The two elements of the Cartan subalgebra of $SO(4)$ can be written as
\beq
        H^1 = \frac{1}{2}\left (\matrix{
                    0 & 1 & 0 & 0 \cr
                   -1 & 0 & 0 & 0 \cr
                    0 & 0 & 0 & 0 \cr
                    0 & 0 & 0 & 0 \cr
                    }\right ) \quad\mathrm{and}\quad
        H^2 = \frac{1}{2}\left (\matrix{
                    0 & 0 & 0 & 0 \cr
                    0 & 0 & 0 & 0 \cr
                    0 & 0 & 0 & 1 \cr
                    0 & 0 & -1& 0 \cr
                    }\right ) .
\eeq
The configuration $A_9 = a_9^1H^1 + a_9^2H^2$ represents
two D-particles whose
distances from the 8-orientifold are $a_9^1$ and $a_9^2$ respectively.

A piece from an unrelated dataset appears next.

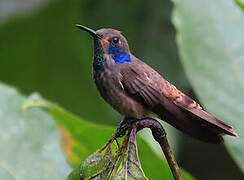 Brown Violetear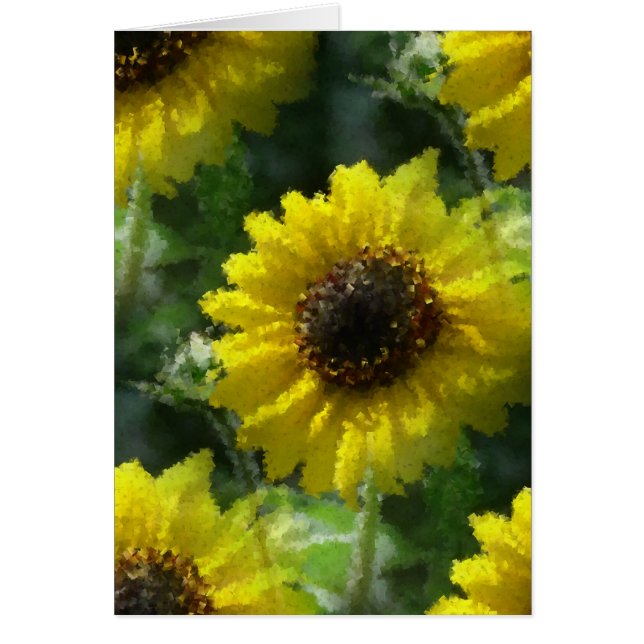 Sunflower (Frente)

In the
generic situation, the only traceless symmetric matrix that commutes
with $A_9$ above is
\beq
        M^0 = \frac{1}{2\sqrt{2}}\left (\matrix{
                    1 & 0 & 0 & 0 \cr
                    0 & 1 & 0 & 0 \cr
                    0 & 0 &-1 & 0 \cr
                    0 & 0 & 0 &-1 \cr
                    }\right ),   \label{mzero}
\eeq
and the coordinates $x_i$ in $X_i = x_i M^0$ represent the relative distance of
the D-particles in the eight directions parallel to the 8-orientifold. These
coordinates, together with those of the centre of mass, fix the
configuration of the system.

In general for $SO(2N)$ there will be $N-1$ neutral directions (corresponding
to a weight $(0,...,0)$ in Dynkin basis) that give rise to flat directions.
This is precisely what is needed to account for the relative positions
of the $N$ D-particles parallel to the 8-orientifold.
It is a familiar fact that, for particular ``degenerate'' points in the Cartan
subalgebra, more general configurations for the $X_i$'s are possible.
That is, new flat directions open up that reduce
the rank of the gauge group. In terms of weights we
must then turn on the $X_i$ in directions that are
not neutral, see e.g \cite{Par}.
Semiclassically, this corresponds to ``locking'' the system in a specific
configuration along the ninth coordinate, but it is not clear whether
it is possible to prepare the system in such configurations.
An interesting example of this phenomenon is the configuration
$X_i = x_i \tilde M$ that for
\beq
    \tilde M = \frac{1}{\sqrt{2(a^2 + b^2 + c^2 + d^2)}}
    \left (\matrix{
                    a & 0 & 0 & 0 \cr
                    0 & b & 0 & 0 \cr
                    0 & 0 & c & 0 \cr
                    0 & 0 & 0 & d \cr
                    }\right ),\quad a+b+c+d=0\;\hbox{~~all different}
\eeq
breaks the gauge group entirely, therefore locking the two D-particles on the
8-orientifold.

The existence of resonances above BPS saturation can be investigated with
exactly the same tools as in \cite{us} to which we refer for all
the details. What one does is to
fix the temporal gauge $A_0=0$ and to separate the  $18 N^2 + 7N -8$ bosonic
directions\footnote{$\mathrm{dim(Adj}(SO(2N))\mathrm{)} + 8\;
\mathrm{dim(Sym}(SO(2N))\mathrm{)} = 18 N^2 + 7N -8 $.} into $2N^2 + 7N  - 8$
slow modes\footnote{The $N + 8(N-1)$ dimensional moduli space plus
$\mathrm{dim(}SO(2N)\mathrm{)} - \mathrm{rank(}(SO(2N)\mathrm{)}$ gauge
directions.} and the remaining $16 N^2$ fast modes, i.e., those modes for which
the hessian of the bosonic potential is (generically) non degenerate.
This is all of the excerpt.